UNITED STATES
SECURITIES AND EXCHANGE COMMISSION
Washington, D.C. 20549

Form 6-K

REPORT OF FOREIGN PRIVATE ISSUER PURSUANT TO RULE 13a-16 OR 15d-16 UNDER 
THE SECURITIES EXCHANGE ACT OF 1934

Report on Form 6-K for February 27, 2017

Commission File Number 1-31615

Sasol Limited
1 Sturdee Avenue
Rosebank 2196
South Africa

(Name and address of registrant's principal executive office)

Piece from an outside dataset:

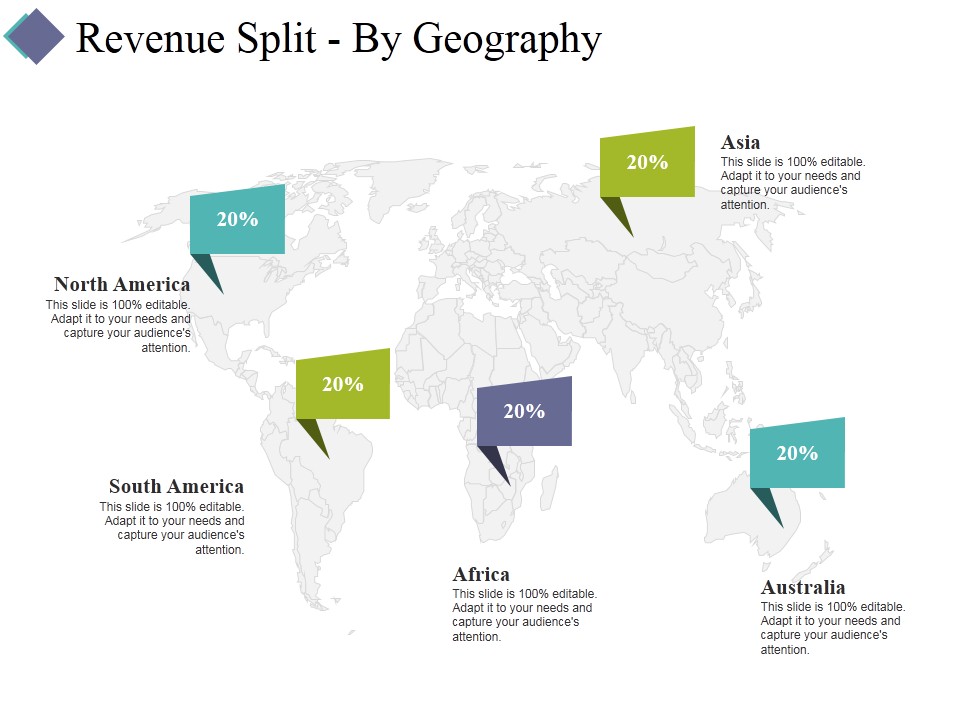 Revenue Split By Geography Ppt PowerPoint Presentation Show Graphics Pictures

Indicate by check mark whether the registrant files or will file annual 
reports under cover of Form 20-F or Form 40-F.
Form 20-F __X__ Form 40-F _____
Indicate by check mark if the registrant is submitting the Form 6-K in 
paper as permitted by Regulation S-T Rule 101(b)(1): ____
Note: Regulation S-T Rule 101(b)(1) only permits the submission in paper 
of a Form 6-K if submitted solely to provide an attached annual report 
to security holders.

Indicate by check mark if the registrant is submitting the Form 6-K in 
paper as permitted by Regulation S-T Rule 101(b)(7): ____
Note: Regulation S-T Rule 101(b)(7) only permits the submission in paper 
of a Form 6-K if submitted to furnish a report or other document that the 
registrant foreign private issuer must furnish and make public under the 
laws of the jurisdiction in which the registrant is incorporated, domiciled 
or legally organized (the registrant's "home country"), or under the rules 
of the home country exchange on which the registrant's securities are traded, 
as long as the report or other document is not a press release, is not 
required to be and has not been distributed to the registrant's security 
holders, and, if discussing a material event, has already been the subject 
of a Form 6-K submission or other Commission filing on EDGAR.
Indicate by check mark whether the registrant by furnishing the information 
contained in this Form is also thereby furnishing the information to the 
Commission pursuant to Rule 12g3-2(b) under the Securities Exchange Act of 
1934. Yes _____ No __X__
If "Yes" is marked, indicate below the file number assigned to the 
registrant in connection with Rule 12g3-2(b):
82-_______________.

Enclosure : Sasol appoints independent non-executive directors


Sasol Limited
(Incorporated in the Republic of South Africa)
(Registration number 1979/003231/06)
Sasol Ordinary Share codes:	JSE : SOL		NYSE : SSL      
Sasol Ordinary ISIN codes: 	ZAE000006896  	US8038663006  
Sasol BEE Ordinary Share code:  JSE : SOLBE1   
Sasol BEE Ordinary ISIN code:   ZAE000151817
("Sasol" or "the Company")


SASOL APPOINTS INDEPENDENT NON-EXECUTIVE DIRECTORS 

Sasol today announced the appointment of Mss Gesina Maria 
Beatrix (Trix) Kennealy and Mpho Elizabeth (Mpho) Nkeli as 
independent non-executive directors of the Company with effect 
from 1 March 2017.

Ms Kennealy holds BComm (Accountancy) and BComm (Accountancy) 
Honours degrees and qualified as a chartered accountant in 1982. 
She served as the Chief Financial Officer of the South African 
Revenue Service from January 2009 until her retirement in 
December 2013. Before that she served as the Chief Operating 
Officer of Absa Capital from 2006 to 2009.  Her previous senior 
financial management positions were at Absa Bank, BHP Billiton 
South Africa and Samancor Chrome. Trix also serves on the Board 
of Standard Bank Group Limited and chairs the Accounting 
Standards Board.
Ms Nkeli holds BSc (Environmental Science) and MBA degrees.  She 
served Vodacom Group Limited as the Chief HR Officer responsible 
for Health, Safety, Environment and Facilities and was an 
executive director of Vodacom South Africa (Pty) Limited from 
2011 to 2014, having previously served as an executive director 
of Alexander Forbes from 2005 until 2010. She also served as a 
non-executive director on the Boards of Ellerine Holdings 
Limited and African Bank Investments Limited. Mpho is a member 
of the Boards of Impala Platinum Holdings Limited and Life 
Healthcare Group Limited. She previously chaired the Commission 
for Employment Equity. 
"We are delighted to have two corporate leaders of the stature 
and calibre of Ms Kennealy and Ms Nkeli join our Board at the 
same time.  Their experience, skill and expertise will bolster 
our bench strength to take over from long-serving directors and 
will significantly enhance our Board's diversity", said Dr 
Mandla Gantsho, Sasol's Chairman.

27 February 2017
Johannesburg

Sponsor: Deutsche Securities (SA) Proprietary Limited

SIGNATURE

Pursuant to the requirements of the Securities Exchange Act of 1934, 
the registrant, Sasol Limited, has duly caused this report to be signed 
on its behalf by the undersigned, thereunto duly authorized.